A Chancellor’s first budget is their opportunity to set a new course for the country, to share their vision for the UK’s future, and persuade people their new path is in the best interests not only of each of them individually but also the country as a whole.
Friday’s mini budget did chart a new course. Unfortunately that course takes the UK deeper into the wastelands of zombie economics. So deep in fact, that the budget is being shunned even by those it most sought to court.
This is a budget that fails not only on the measures important to the financial world - a world of gilt yields, currency speculators, bank rates and stock exchanges - but also in the real world of citizens, communities, and the natural world on which we all rely. Its ideology is built on the idea that there are no limits to growth, whereas we know that many of the earth’s resources are finite.
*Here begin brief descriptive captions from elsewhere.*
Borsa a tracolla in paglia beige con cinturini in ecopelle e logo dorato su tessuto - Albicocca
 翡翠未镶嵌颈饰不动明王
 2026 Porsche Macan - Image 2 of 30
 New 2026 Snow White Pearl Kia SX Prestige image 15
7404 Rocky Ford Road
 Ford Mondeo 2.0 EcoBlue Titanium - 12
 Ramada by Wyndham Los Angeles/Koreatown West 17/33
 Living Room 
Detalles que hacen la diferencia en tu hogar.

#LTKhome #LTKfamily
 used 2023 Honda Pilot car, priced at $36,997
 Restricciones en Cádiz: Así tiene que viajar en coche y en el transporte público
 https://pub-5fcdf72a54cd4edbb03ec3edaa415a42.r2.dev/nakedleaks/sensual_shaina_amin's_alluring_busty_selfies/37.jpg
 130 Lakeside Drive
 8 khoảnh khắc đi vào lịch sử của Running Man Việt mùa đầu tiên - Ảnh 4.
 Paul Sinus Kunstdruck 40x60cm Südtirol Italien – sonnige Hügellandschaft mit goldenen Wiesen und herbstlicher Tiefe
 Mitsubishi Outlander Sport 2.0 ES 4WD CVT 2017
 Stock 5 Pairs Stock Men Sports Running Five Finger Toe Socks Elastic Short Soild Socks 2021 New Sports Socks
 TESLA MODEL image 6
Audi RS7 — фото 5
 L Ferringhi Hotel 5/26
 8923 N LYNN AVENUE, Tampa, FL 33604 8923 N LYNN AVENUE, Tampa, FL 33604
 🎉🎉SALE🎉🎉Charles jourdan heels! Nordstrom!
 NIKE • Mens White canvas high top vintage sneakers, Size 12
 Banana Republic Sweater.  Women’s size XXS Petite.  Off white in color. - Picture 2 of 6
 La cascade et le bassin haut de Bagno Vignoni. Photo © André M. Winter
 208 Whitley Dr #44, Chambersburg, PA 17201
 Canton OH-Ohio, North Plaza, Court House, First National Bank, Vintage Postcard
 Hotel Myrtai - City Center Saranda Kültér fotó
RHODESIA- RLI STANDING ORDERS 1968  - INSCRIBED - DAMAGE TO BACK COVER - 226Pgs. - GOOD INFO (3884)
In the UK, our economy is failing us. Demand for foodbanks is surging, the wages we pay our most important workers do not allow them to make ends meet, and privately-owed water companies pay billions of pounds to their bondholders and shareholders while dumping billions of litres of sewage into our rivers and onto our beaches. Europe’s energy system is hooked up not only on Putin’s Russia but a global oil and gas industry which has spent decades resisting our move to renewable energy. Across the world the climate crisis brings ever more extreme weather, and produces millions of refugees.
But alongside this across the world the shoots of a new future are emerging. Free train travel in Spain is taking tens of thousands of vehicles off the road. New sources of renewable energy are being built at a record pace. The founder of Patagonia, the $3bn clothing giant, has given away the company and all its future profits to benefit the planet and fight the climate emergency. From these small shoots it is possible to create exponential change.
We need to bring these shoots to the UK. To transform our economy so that it works for everyone, within the limits of our planet. We need an economy that knows that there is no financial capital without natural capital An economy where our financial and natural wealth is in the hands of the many, not the few. An economy that resolutely seeks to decarbonise our energy, transport and food systems. An economy that supports, enables and values organisations that are built around purpose, not those that are built around profit. An economy run in the interests of future generations - both those already born, and those yet to come.
To do that we need our government to build an economy of purpose, recognise there are limits to growth, and show that it values care, family and community ahead of consumption and profit. Now that would be a budget we could all get around.